Mayor of Barruelo de Santullán
- In office 1990–2007
- In office 2011–2015

Member of the Senate of Spain
- In office 1996–2000

Personal details
- Born: 1947 Santoña, Cantabria, Spain
- Died: August 18, 2021 (aged 73–74) Maliaño, Cantabria, Spain
- Party: People's Party
- Occupation: Physician

= Alejandro Lamalfa =

Spanish politician (died 2021)

Alejandro Lamalfa Díaz (1947 – 18 August 2021) was a Spanish physician and politician. He served as mayor of Barruelo de Santullán for more than twenty years (1990–2007; 2011–2015), and was a senator in the Senate of Spain from 1996 to 2000.

==Biography==
Lamalfa was born in Santoña, Cantabria. He studied medicine at the University of Valladolid and began his medical career in Casarejos (Province of Soria), where he worked for six years before moving to Barruelo de Santullán. He practised as a physician there for 32 years until his retirement in 2013.

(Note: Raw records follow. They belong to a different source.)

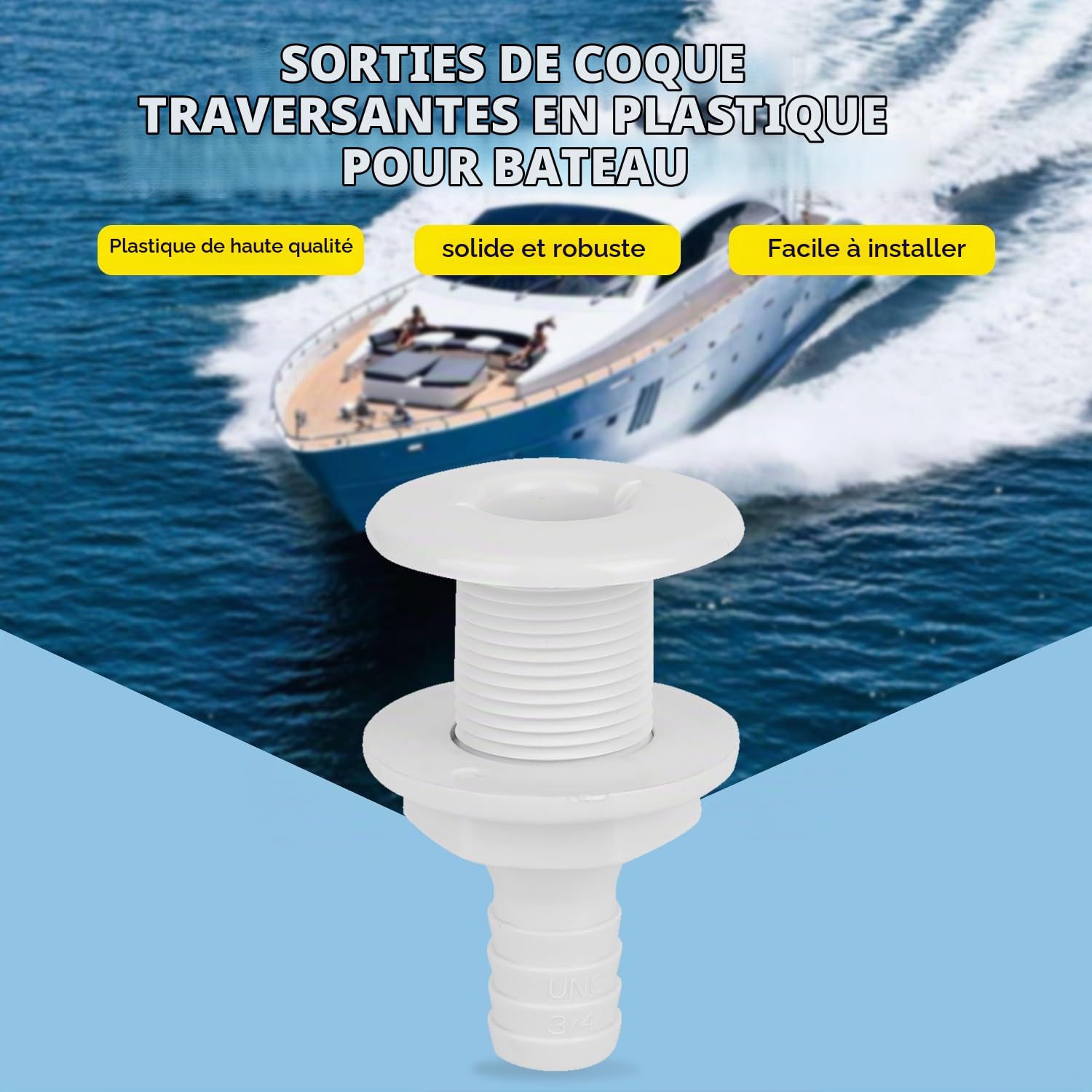 Tissting Vehicle Passe-Coque Bateau 3/4 Pouce Blanc ABS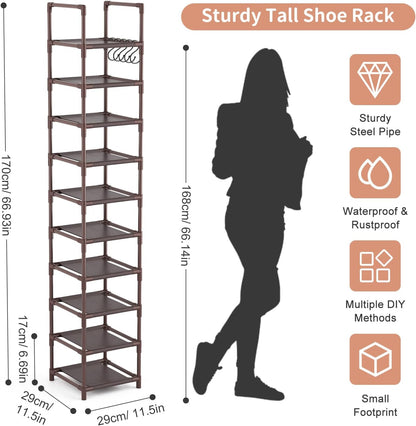 LANTEFUL Tall Narrow Shoe Rack for Entryway, 10-Tier Sturdy Metal Shoe Shelf Storage 10-15 Pairs of Shoes and Boots, Space Saving Corner Shoe Rack Organizer for Closet,Doorway,Garage,Living Room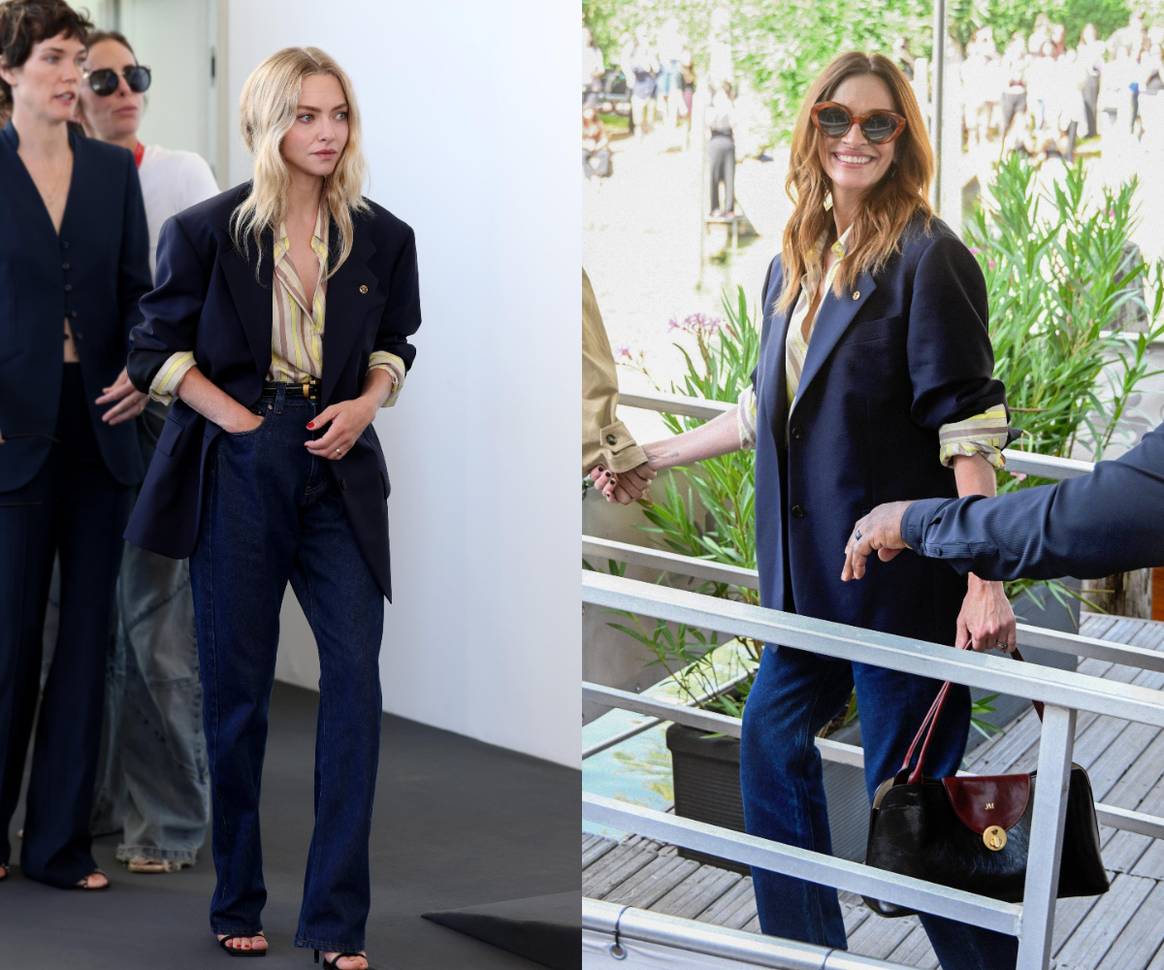 Amanda Seyfried and Julia Roberts wear the same Versace look by Dario Vitale at Venice Film Festival.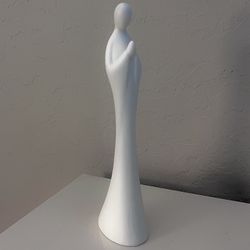 Vintage Art Deco Slender PRAYING VIRGIN MARY Statue Figurine All White Ceramic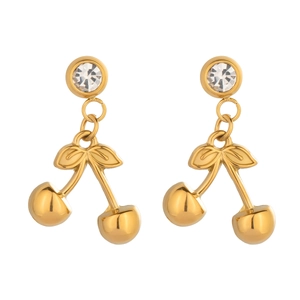 Detail of gold cherry earrings with leaves and sparkling round cut crystal studs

From 1996 to 2000 he served as a senator for the People's Party in the VI legislature, taking part in several committees, including the Special Committee on the Study of Euthanasia, the Committee on Ibero-American Affairs, the Committee on Performing Arts, Music and Audiovisual Social Affairs, and the Special Committee on Genetic Manipulation for Food Production.

He was mayor of Barruelo de Santullán during two periods (1990–2007 and 2011–2015).

He was married to María del Carmen Gil La Red and had three children: Mercedes, Eva María and Alejandro.